La batalla casi siempre es incierta. Múltiples factores la rigen y pueden inclinar la balanza de la victoria hacia un lado o hacia el otro. Lo más frecuente es ingresar en el campo con la incógnita de si al final del día la diosa Fortuna nos sonreirá o nos lanzará una indiferente mirada que será la última.
Pero a veces, solo a veces, tenemos una certeza. En ocasiones el rival es demasiado pequeño y sabemos que, haga lo que haga, prevalecerá nuestra causa.

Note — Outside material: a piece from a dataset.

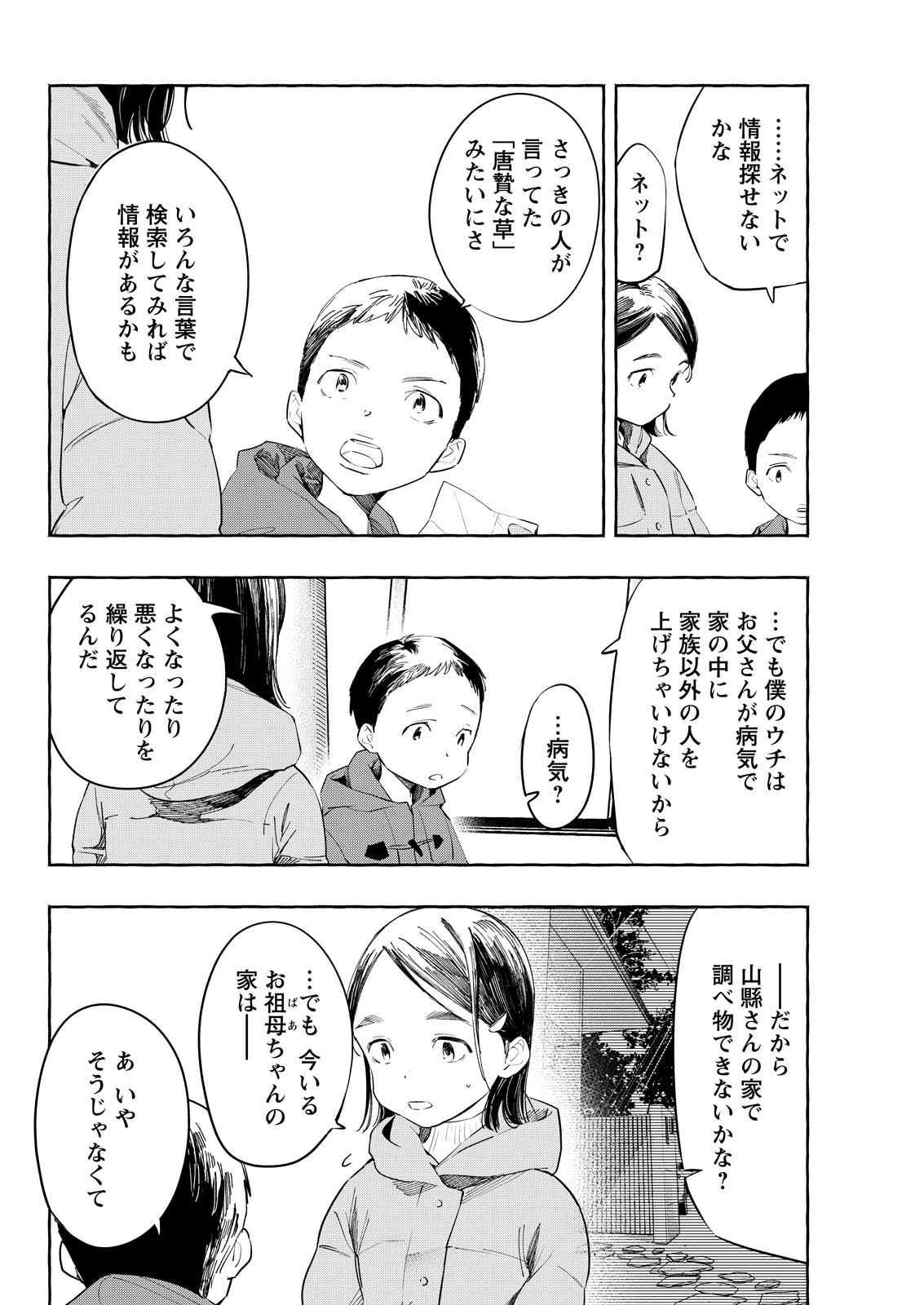 Ore de wa Nai Enjou Chapter 10 22ページ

Otras tantas, somos nosotros el rival débil al que no le queda ningún otro camino que el amargo trago de la derrota.
En estos casos, cuando la derrota es inminente, cuando es inevitable el fracaso, cuando el único destino que nos espera es la dulce muerte, nos queda solamente un consuelo: enfrentarla con dignidad, luchar hasta el final con la cabeza en alto y dar pelea hasta el último momento; morir heroicamente en la batalla para que las valquirias nos lleven al Valhalla a descansar, beber hidromiel y, premio final de nuestros esfuerzos, combatir al lado de los dioses, dignos de ellos.
Ante la incógnita, pelea con todo: no sabes en qué momento terminará la lucha; ante la certeza de la victoria, pelea con todo: si tu rival te ve titubear quizá recupere la confianza y tenga un golpe de suerte; ante la inminente derrota, pelea con todo: nunca sabes si tu oponente esconde alguna debilidad que aún no has descubierto.
En cualquier caso, la posteridad te recordará como el que lo dio todo y, si el resultado es una derrota, los poetas cantarán con nostalgia y orgullo la historia de una muerte inevitable, pero bella.